TECHNOLOGY: Business Analytics
Integrate and AnalyzeBy Mark Rittman
Combine structured and unstructured data for analysis and new insights.
Oracle Endeca Information Discovery applications enable organizations to create rich, interactive data discovery applications that consume data from all types of datasources, from the more traditional “structured” data sets found in Oracle Database and Oracle E-Business Suite to the unstructured data of documents and social media feeds.
Oracle Endeca Information Discovery Release 3.0 extends this capability by integrating with Oracle Business Intelligence Enterprise Edition 11g, providing the ability to build data discovery applications around the facts, dimensions, hierarchies, and integrated data sets of the enterprise semantic model.
In this article, I take a look at this new integration by creating an Oracle Endeca Information Discovery Studio application that uses the sample application (SampleApp) for Oracle Business Intelligence Enterprise Edition as its datasource; uses Oracle Endeca Information Discovery Integrator to load data from the Flight Delays subject area provided by the SampleApp; and uses the SampleApp subject area table metadata to create an Oracle Endeca Server data domain. I then use Oracle Endeca Information Discovery Studio to create an initial data discovery web application, which you can then extend later with additional, unstructured datasources and data visualization components.
Prerequisites for the SAMPLE
If you want to create this article’s sample application yourself, you will need to download the following products from the Oracle Software Delivery Cloud website (edelivery.oracle.com), using either your full license or a trial license. Product versions are available for Microsoft Windows x64 and Linux x86-64.
The SampleApp for Oracle Business Intelligence Enterprise Edition 184.108.40.206.2 BP1 (V207), which I will use as the datasource, can be downloaded—preinstalled and preconfigured—as an Oracle VM VirtualBox image, from the Oracle Technology Network website.
This SampleApp (V207) Oracle VM VirtualBox image comes with several demonstration subject areas, including “X – Airline Delay,” which I will use for this example. Using Oracle Endeca Information Discovery Integrator 3.0, I will connect to the business intelligence server component and then create an Oracle Endeca Server data domain, using a selection of the subject area’s tables as a datasource. Then, once the data domain is loaded and ready for use, I will use Oracle Endeca Information Discovery Studio 3.0 to create a web application for exploring the data set.
In addition to the SampleApp Oracle VM VirtualBox image, you will need a Microsoft Windows–based environment in order to use the administration tool (which can also be the environment you use to run Oracle Endeca Information Discovery 3.0). For details on how to download and configure the administration tool to work in a separate Linux-based business intelligence server environment, see “4.5 Admintool access to SampleApp RPD” in the “SampleApp V207 - Virtual Machine Image Deployment Guide” document.

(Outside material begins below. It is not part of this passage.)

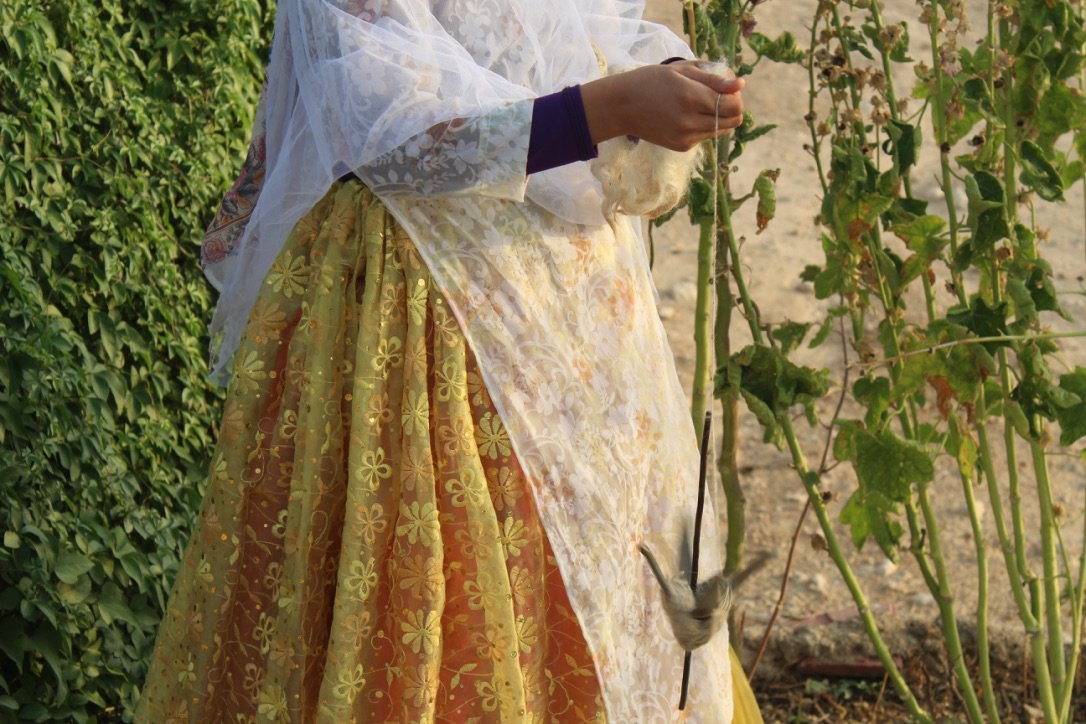 HeidarianR's tweet photo. The spinning is done in different ways depending on the use of it. In Iran most of the spinning is still done by hand, often on a spinning wheel, but the nomadic women still use a traditional spindle to spin the yarn.#Heidarianpersianrugs #persianrugs #handwoveniran #wool #iran https://t.co/1wsymWyARJ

To create an Oracle Endeca Server data domain that gets its data from an Oracle Business Intelligence repository, a wizard within Oracle Endeca Information Discovery Integrator connects to the repository to enable you to select a particular subject area and set of tables to use as the data domain datasource, and then the wizard automatically creates data domain attributes based on the names of the selected tables and columns. However, business model table and column names within the SampleApp repository are prefixed with numbers to aid in referencing them within sample dashboards, so you will need to create a version of these tables without the number prefixes—the Oracle Endeca Server data domain attribute names cannot start with a number.

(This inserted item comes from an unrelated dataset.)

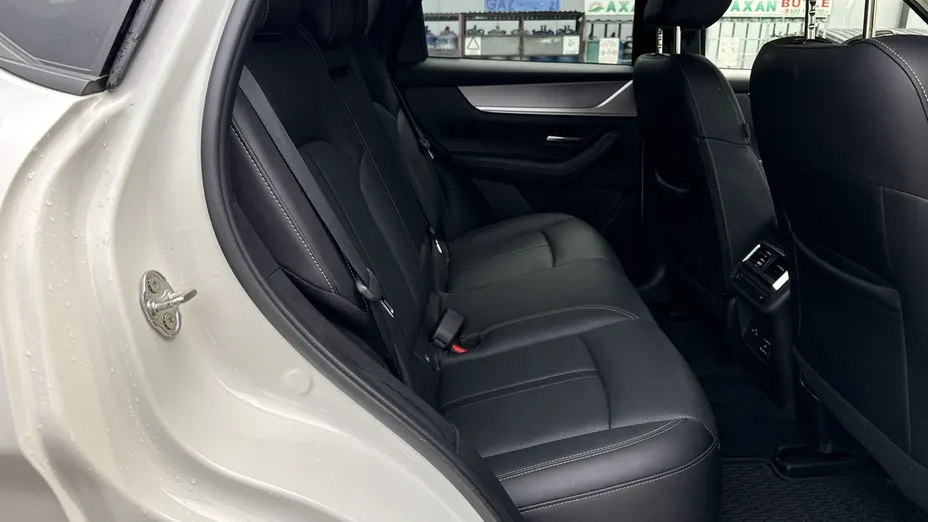 MAZDA CX-60 -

To create a version of the “X – Airline Delay” subject area and underlying business model that complies with this naming restriction but does not affect any other SampleApp reports that use the original object names, follow these steps:
Figure 1: Renaming the duplicate business model’s tables to remove numeric table name prefixes
Finally, to save this updated repository and make it available for the next stage in this process, select File -> Check In Changes, and for the Do you wish to check global consistency? question, choose No to avoid checking in all the other objects in the SampleApp repository that are not relevant to this example. Finally, select File -> Save and then File -> Close to save the updated repository back to the server and close the administration tool’s connection to it.
Creating the Data Domain
Now that you have prepared the Oracle Business Intelligence repository for use with Oracle Endeca Information Discovery Integrator, you can connect to the Oracle Business Intelligence Enterprise Edition repository and create the first cut of your Oracle Endeca Server data domain. To do this, follow these steps, again based on a Microsoft Windows x86-64 development environment.
Viewing Flight Delay Data
To take an initial look at what’s in the Oracle Endeca Server data domain you’ve just created with Oracle Endeca Information Discovery Integrator, you can quickly create an Oracle Endeca Information Discovery Studio application that enables you to explore the data set and that you can extend afterward to try out more of Oracle Endeca Information Discovery Studio’s features. To create this “first cut” Oracle Endeca Information Discovery Studio application, follow this final set of steps:
Now click Create Application and then Go to Application to view the application in your web browser, as shown in Figure 3.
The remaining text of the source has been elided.